=== DATASET SECTION ===

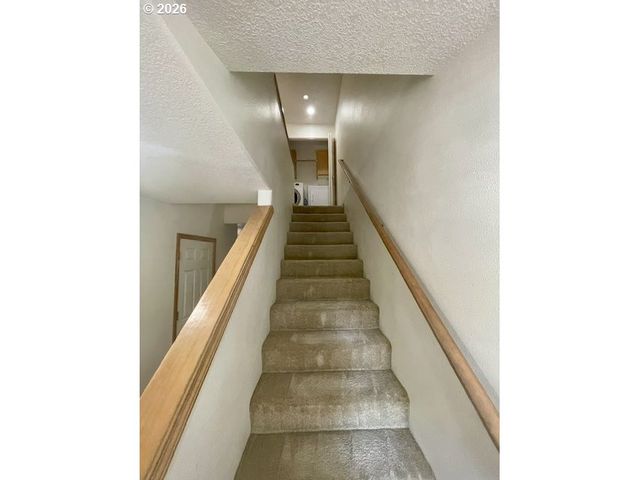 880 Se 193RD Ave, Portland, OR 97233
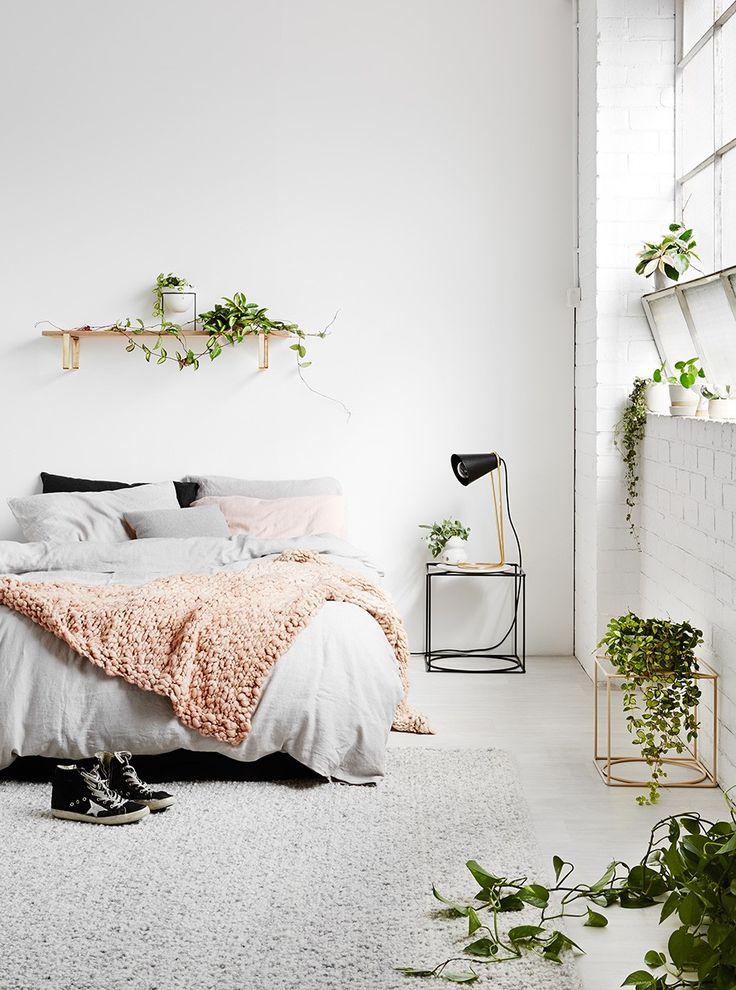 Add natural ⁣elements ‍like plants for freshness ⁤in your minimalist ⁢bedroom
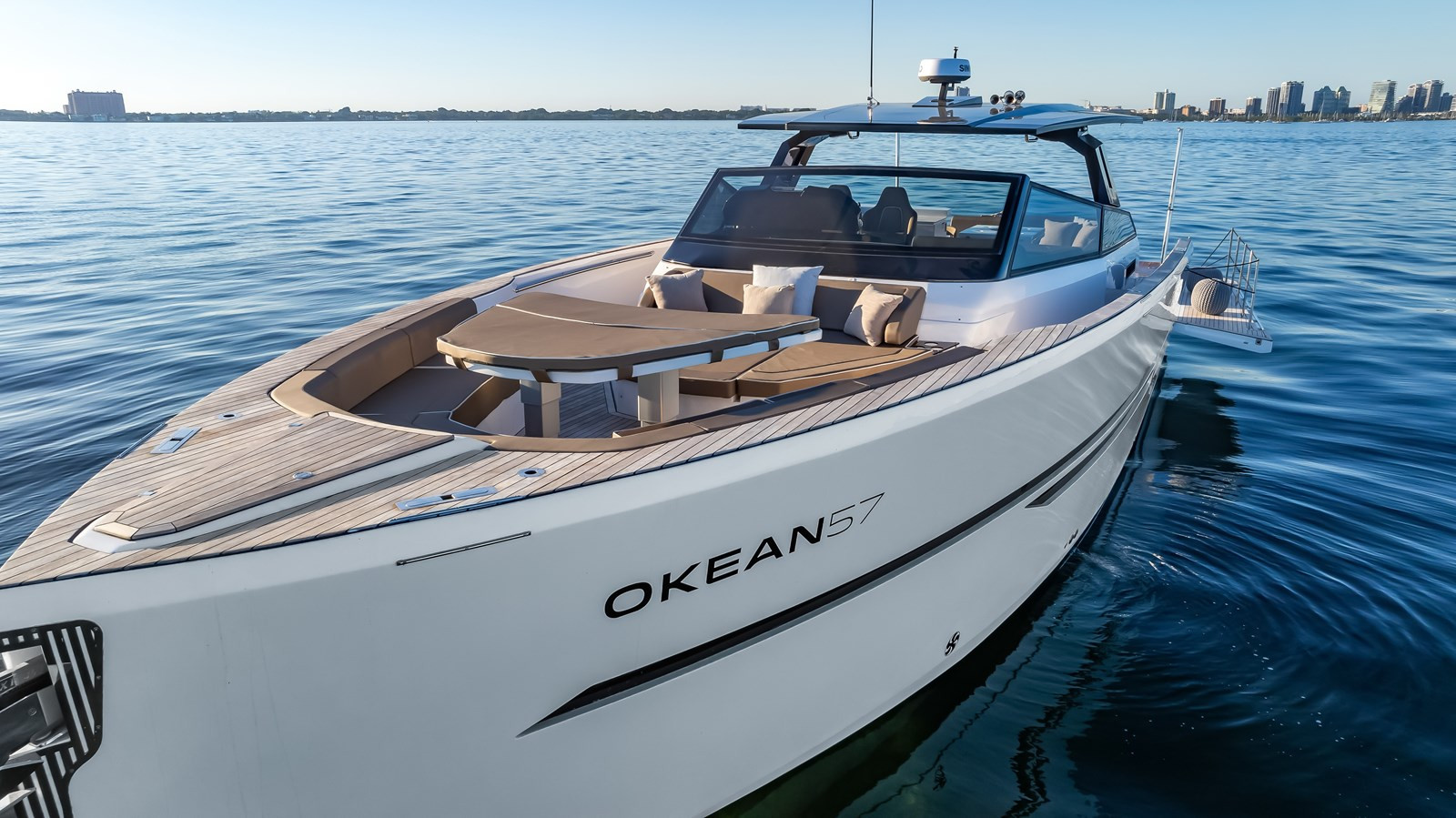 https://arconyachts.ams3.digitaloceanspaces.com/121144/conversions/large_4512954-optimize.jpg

===

● **ASSIGNMENT**: Repeat the listing in full and exactly. Leave any pictures out.

● **YOUR SOLUTION**:
 880 Se 193RD Ave, Portland, OR 97233
 Add natural ⁣elements ‍like plants for freshness ⁤in your minimalist ⁢bedroom
 https://arconyachts.ams3.digitaloceanspaces.com/121144/conversions/large_4512954-optimize.jpg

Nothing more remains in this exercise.